((

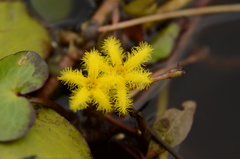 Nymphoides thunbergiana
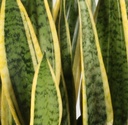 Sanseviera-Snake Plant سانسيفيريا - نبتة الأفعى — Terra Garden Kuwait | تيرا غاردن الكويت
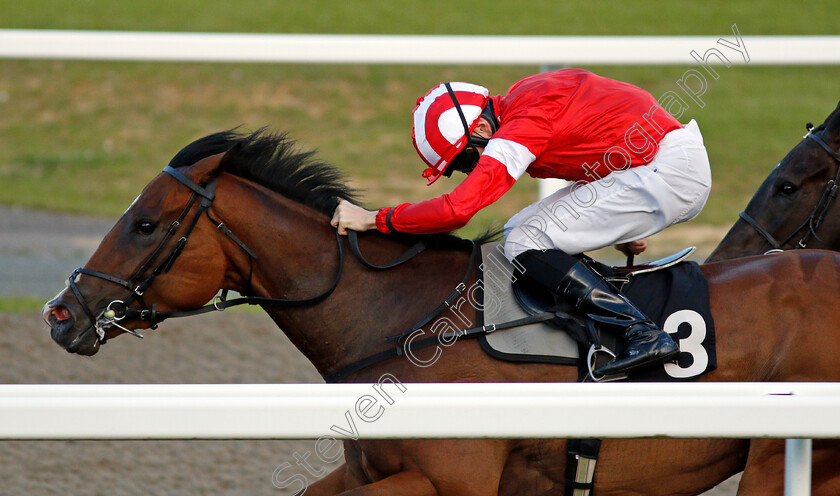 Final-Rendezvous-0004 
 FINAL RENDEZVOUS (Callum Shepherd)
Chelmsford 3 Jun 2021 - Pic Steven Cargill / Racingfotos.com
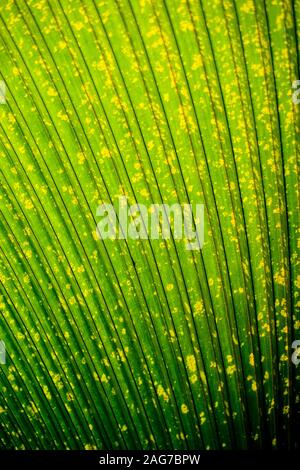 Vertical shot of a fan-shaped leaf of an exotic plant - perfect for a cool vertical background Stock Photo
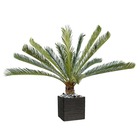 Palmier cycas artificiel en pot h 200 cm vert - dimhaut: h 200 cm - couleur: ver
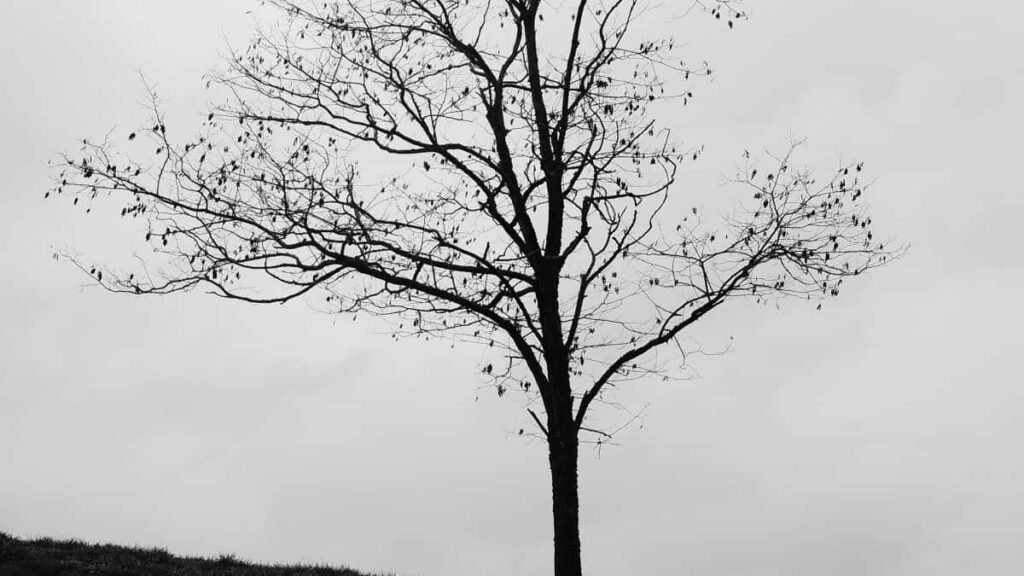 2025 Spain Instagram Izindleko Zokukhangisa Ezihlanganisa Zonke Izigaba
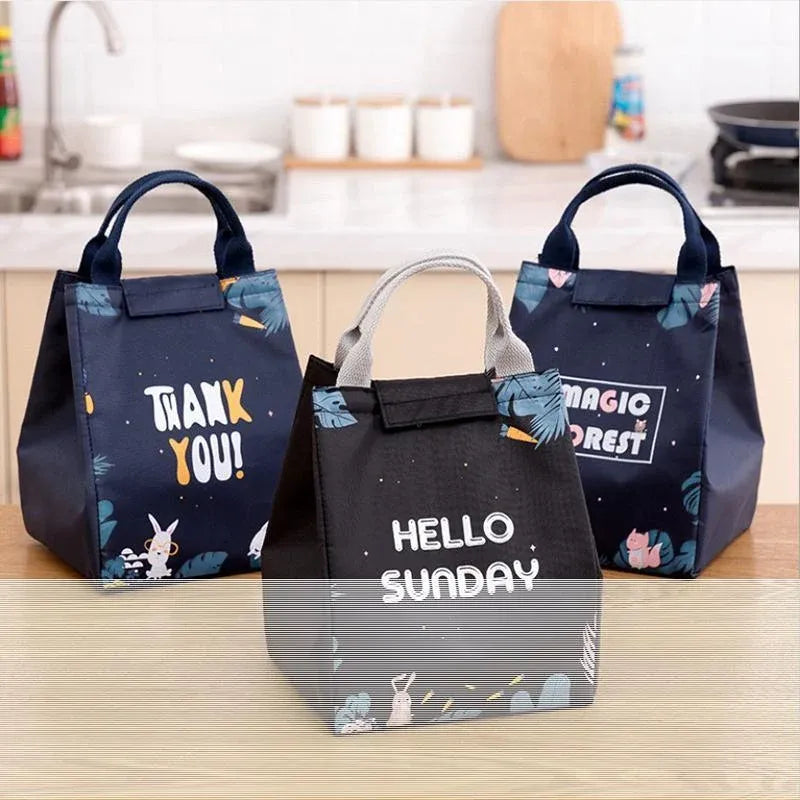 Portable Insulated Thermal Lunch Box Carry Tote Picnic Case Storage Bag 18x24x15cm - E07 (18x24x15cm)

))

• Aim of the exercise
Would you please transcribe the listing in full, exactly, while omitting the images?

• Written answer
 Nymphoides thunbergiana
 Sanseviera-Snake Plant سانسيفيريا - نبتة الأفعى — Terra Garden Kuwait | تيرا غاردن الكويت
 Final-Rendezvous-0004 
 FINAL RENDEZVOUS (Callum Shepherd)
Chelmsford 3 Jun 2021 - Pic Steven Cargill / Racingfotos.com
 Vertical shot of a fan-shaped leaf of an exotic plant - perfect for a cool vertical background Stock Photo
 Palmier cycas artificiel en pot h 200 cm vert - dimhaut: h 200 cm - couleur: ver
 2025 Spain Instagram Izindleko Zokukhangisa Ezihlanganisa Zonke Izigaba
 Portable Insulated Thermal Lunch Box Carry Tote Picnic Case Storage Bag 18x24x15cm - E07 (18x24x15cm)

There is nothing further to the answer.